Sara stood up, taking her bag with her and took the pass out of the teacher's hand. Then she disappeared. I didn't see her again for the rest of the day.

****

AGENT K:

"This," I scolded, "is absolutely ridiculous. And I want both of you to hear me right now. I don't give a damn if you like each other or not. You _will _get along, you _will _treat each other professionally, and you _will _work together as partners or you will _die_! This..."

They both interrupted at the same time. "I didn't do a damn thing!" Sara shot. I didn't hear what J said. He gave up and let Sara continue. "So I don't understand why the hell you come pullin' me out of class to lecture me in the parking lot!"

"Get used to it," J mumbled under his breath. I shot him a look, but he was staring at the ground and didn't even see it.

"This is _not _a game. You two are going to deal with stuff more serious, and more dangerous, than anything you ever thought existed. And both of you need to work together and support each other whether you like it or not because this isn't going to be easy." I turned my attention to Sara. "And if you can't handle that, or if you don't want to give me the right to pull you out of class or cancel your plans whenever I damn well please, then you _better _not sign that contract."
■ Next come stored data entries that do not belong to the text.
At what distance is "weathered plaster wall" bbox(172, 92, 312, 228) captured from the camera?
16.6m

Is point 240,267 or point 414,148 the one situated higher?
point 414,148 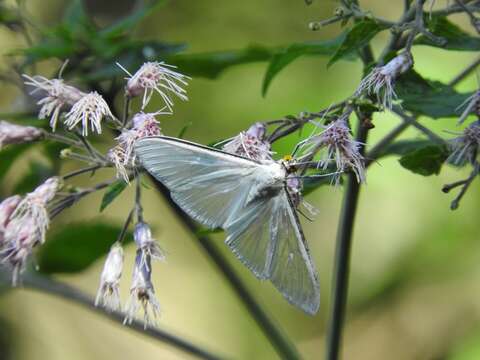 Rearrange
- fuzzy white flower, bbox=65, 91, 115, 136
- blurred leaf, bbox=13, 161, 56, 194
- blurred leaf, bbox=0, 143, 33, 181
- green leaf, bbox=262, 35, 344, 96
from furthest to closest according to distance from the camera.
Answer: blurred leaf, bbox=13, 161, 56, 194, blurred leaf, bbox=0, 143, 33, 181, green leaf, bbox=262, 35, 344, 96, fuzzy white flower, bbox=65, 91, 115, 136

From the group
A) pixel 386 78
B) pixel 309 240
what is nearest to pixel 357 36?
pixel 386 78

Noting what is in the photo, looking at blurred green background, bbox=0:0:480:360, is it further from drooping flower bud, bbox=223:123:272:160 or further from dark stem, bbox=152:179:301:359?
drooping flower bud, bbox=223:123:272:160

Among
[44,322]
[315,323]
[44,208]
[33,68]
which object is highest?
[33,68]

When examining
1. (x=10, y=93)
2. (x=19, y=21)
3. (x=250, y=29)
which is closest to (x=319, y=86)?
(x=250, y=29)

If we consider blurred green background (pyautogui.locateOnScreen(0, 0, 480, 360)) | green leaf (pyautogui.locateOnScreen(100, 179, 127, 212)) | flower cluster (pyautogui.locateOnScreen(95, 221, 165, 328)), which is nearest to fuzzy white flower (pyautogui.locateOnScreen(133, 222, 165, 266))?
flower cluster (pyautogui.locateOnScreen(95, 221, 165, 328))

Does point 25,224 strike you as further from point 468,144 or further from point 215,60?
point 468,144

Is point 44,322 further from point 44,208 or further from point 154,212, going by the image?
point 44,208

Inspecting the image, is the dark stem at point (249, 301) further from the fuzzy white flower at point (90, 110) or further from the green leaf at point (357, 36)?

She clenched her jaw and cast her eyes to the ground, but said nothing. "You said 'partners'," J pointed out after a moment of silence.

"Yes, I did."

Sara looked up at me, a look of horror on her face. "And isn't that exactly what I said would happen?" J laughed cynically.

"Isn't what?"

"Didn't I say from the start of all this I didn't care if we took this girl in or not but I didn't want to babysit a..."

"_This girl_," I snapped, "is going to be an agent equal in rank to you in about two hours so if I were you, I'd bite my tongue."
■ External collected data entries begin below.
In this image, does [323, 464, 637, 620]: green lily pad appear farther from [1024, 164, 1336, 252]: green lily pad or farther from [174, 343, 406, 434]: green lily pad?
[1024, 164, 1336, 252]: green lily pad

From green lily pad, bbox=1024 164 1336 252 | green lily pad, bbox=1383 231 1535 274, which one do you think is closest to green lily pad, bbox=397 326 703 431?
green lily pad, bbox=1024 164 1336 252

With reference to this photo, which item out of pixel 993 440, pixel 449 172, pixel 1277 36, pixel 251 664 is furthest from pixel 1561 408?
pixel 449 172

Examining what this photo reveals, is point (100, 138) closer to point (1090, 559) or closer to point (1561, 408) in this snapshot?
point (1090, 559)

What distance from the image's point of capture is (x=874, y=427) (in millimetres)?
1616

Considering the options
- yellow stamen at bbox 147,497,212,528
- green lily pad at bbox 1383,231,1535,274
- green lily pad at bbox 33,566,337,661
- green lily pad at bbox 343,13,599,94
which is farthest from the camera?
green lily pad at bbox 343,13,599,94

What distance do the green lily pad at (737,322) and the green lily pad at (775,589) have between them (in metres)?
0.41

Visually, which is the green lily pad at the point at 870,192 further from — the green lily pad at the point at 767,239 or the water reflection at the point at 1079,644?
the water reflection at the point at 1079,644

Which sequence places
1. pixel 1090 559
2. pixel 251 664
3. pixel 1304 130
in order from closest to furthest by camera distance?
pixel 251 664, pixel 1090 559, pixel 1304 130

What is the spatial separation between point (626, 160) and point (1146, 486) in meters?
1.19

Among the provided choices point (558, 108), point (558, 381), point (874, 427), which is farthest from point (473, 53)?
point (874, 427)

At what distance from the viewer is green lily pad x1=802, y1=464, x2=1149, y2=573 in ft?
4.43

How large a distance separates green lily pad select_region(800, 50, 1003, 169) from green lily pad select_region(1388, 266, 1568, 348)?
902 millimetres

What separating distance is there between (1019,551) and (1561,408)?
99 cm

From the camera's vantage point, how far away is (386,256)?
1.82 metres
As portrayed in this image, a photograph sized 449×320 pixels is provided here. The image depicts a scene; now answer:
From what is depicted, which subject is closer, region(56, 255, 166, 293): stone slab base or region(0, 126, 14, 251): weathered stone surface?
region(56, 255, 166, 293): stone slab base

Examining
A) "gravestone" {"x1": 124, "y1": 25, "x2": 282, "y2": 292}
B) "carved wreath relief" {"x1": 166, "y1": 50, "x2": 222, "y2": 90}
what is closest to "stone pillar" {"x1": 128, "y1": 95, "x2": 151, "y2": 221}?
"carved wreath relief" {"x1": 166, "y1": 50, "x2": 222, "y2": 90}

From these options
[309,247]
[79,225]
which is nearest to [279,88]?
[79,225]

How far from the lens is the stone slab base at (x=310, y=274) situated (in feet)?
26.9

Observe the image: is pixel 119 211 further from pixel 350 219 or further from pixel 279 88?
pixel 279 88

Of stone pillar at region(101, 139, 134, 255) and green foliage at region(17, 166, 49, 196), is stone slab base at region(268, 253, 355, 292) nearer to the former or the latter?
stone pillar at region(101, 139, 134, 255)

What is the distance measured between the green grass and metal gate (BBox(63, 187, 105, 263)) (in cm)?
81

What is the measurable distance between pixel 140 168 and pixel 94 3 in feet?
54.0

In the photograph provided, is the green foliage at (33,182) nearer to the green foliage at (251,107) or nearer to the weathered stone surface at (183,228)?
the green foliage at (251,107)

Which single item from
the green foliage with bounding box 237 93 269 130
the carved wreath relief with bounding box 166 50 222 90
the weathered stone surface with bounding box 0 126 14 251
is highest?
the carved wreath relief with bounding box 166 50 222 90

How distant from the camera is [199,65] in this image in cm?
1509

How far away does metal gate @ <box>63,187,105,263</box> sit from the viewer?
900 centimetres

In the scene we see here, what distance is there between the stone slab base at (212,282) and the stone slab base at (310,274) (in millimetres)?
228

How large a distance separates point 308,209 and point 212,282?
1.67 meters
J turned and started to leave. "Don't you walk away from me," I threatened.

"Fuck you!" he called over his shoulder, flipping me off as he continued.
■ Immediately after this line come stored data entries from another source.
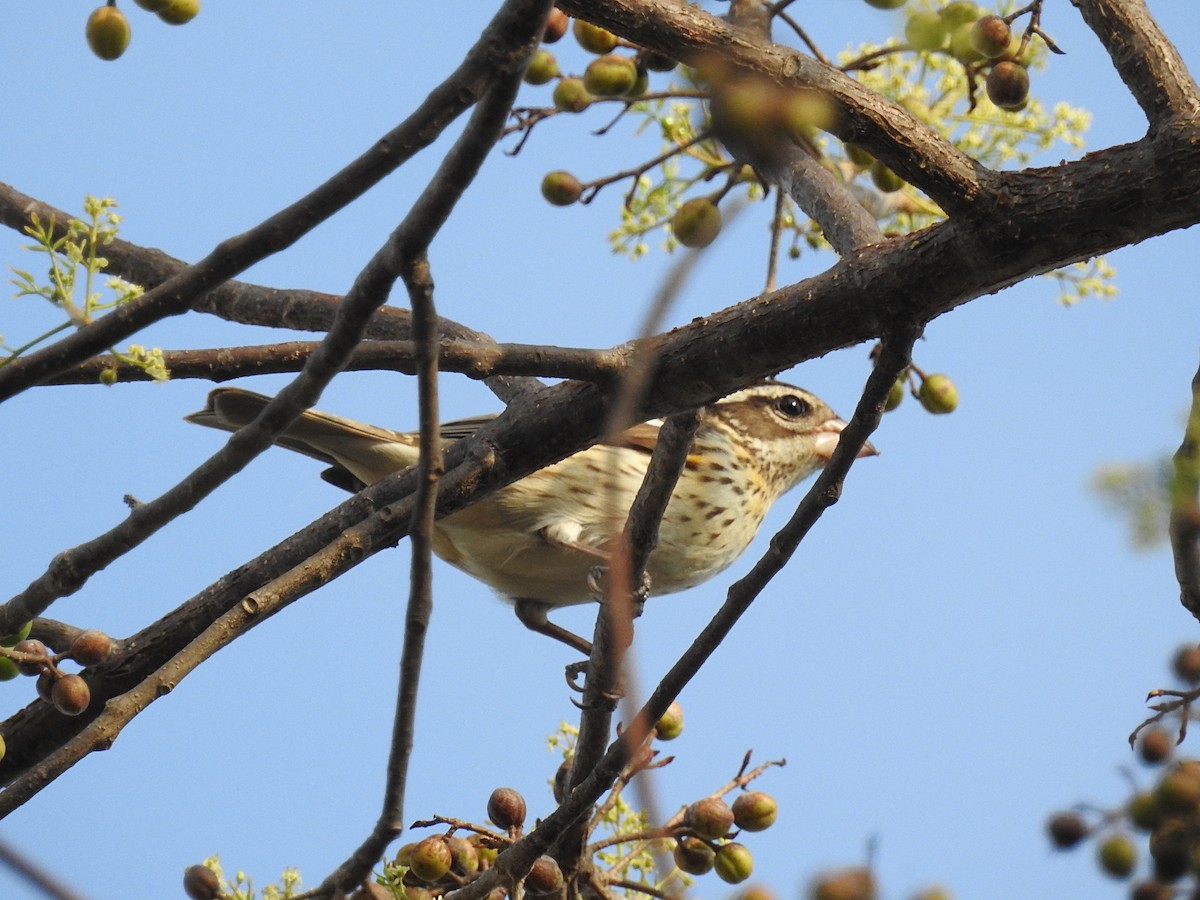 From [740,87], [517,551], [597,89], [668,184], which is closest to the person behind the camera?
[740,87]

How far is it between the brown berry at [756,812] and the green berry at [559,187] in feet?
7.98

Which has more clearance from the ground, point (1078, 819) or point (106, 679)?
point (106, 679)

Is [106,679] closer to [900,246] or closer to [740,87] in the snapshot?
[900,246]

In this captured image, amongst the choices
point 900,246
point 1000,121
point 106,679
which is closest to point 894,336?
point 900,246

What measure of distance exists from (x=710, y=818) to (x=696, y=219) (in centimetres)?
225

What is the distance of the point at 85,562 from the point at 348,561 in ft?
2.03

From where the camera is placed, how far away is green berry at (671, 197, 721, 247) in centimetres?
522

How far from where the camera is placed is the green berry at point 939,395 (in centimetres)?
535

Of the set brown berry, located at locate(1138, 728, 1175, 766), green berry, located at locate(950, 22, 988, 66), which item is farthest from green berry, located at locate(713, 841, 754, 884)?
green berry, located at locate(950, 22, 988, 66)

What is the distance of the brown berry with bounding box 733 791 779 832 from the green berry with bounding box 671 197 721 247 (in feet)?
6.78

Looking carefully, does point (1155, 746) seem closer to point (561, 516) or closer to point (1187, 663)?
point (1187, 663)

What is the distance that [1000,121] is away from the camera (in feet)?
18.5

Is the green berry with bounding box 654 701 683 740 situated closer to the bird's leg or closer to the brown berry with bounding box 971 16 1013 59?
the bird's leg

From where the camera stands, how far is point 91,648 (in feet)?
12.1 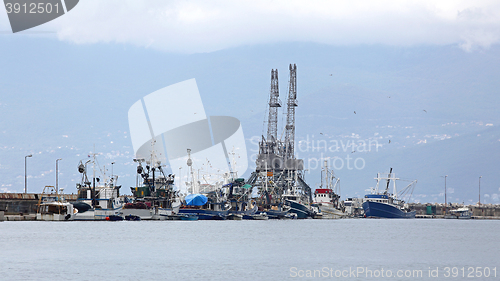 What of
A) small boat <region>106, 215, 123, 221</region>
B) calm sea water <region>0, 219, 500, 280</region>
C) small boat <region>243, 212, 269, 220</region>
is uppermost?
calm sea water <region>0, 219, 500, 280</region>

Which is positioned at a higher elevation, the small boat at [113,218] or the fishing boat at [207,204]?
the fishing boat at [207,204]

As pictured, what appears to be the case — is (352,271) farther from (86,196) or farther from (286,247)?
(86,196)

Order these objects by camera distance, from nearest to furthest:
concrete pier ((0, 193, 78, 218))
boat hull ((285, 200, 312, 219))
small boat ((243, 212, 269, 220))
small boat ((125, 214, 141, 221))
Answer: concrete pier ((0, 193, 78, 218)) → small boat ((125, 214, 141, 221)) → small boat ((243, 212, 269, 220)) → boat hull ((285, 200, 312, 219))

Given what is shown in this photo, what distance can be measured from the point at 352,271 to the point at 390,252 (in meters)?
18.2

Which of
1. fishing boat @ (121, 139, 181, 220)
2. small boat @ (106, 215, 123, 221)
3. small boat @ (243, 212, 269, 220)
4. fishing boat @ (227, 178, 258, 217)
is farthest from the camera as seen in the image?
small boat @ (243, 212, 269, 220)

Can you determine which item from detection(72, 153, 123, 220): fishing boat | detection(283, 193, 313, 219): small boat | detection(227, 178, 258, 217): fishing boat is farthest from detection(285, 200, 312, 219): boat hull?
detection(72, 153, 123, 220): fishing boat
I watched him go and sighed. I couldn't stop him. And I didn't really want to. He just needed some time to cool off. I turned my attention to Sara. She was staring in shock. "Okay, maybe I missed something here," she mumbled. "But is he always like this?"

I sighed. It wasn't my place to discuss J's personal problems. "Yes, for the most part, he is."

She shook her head in disbelief. "He really doesn't want me to take this job," she thought out loud.

I stared at her, saying nothing. There wasn't a whole lot for me to say, at this point.

"Frankly, I don't think I can work with him as a partner," she informed me. "And if that's what you have in mind, I'd better back out now."

I considered that. She stared back, her gaze not wavering. They hated each other. And if they didn't yet, they would in a few days. But I knew something they didn't. I'd watched both of them long enough to realize that they had a lot more in common than they thought, at least as far as their personalities. They would be good for each other, and I knew it. They thought alike, and for that reason, I had _requested _that J be partnered with her. She had an advantage over me in that respect.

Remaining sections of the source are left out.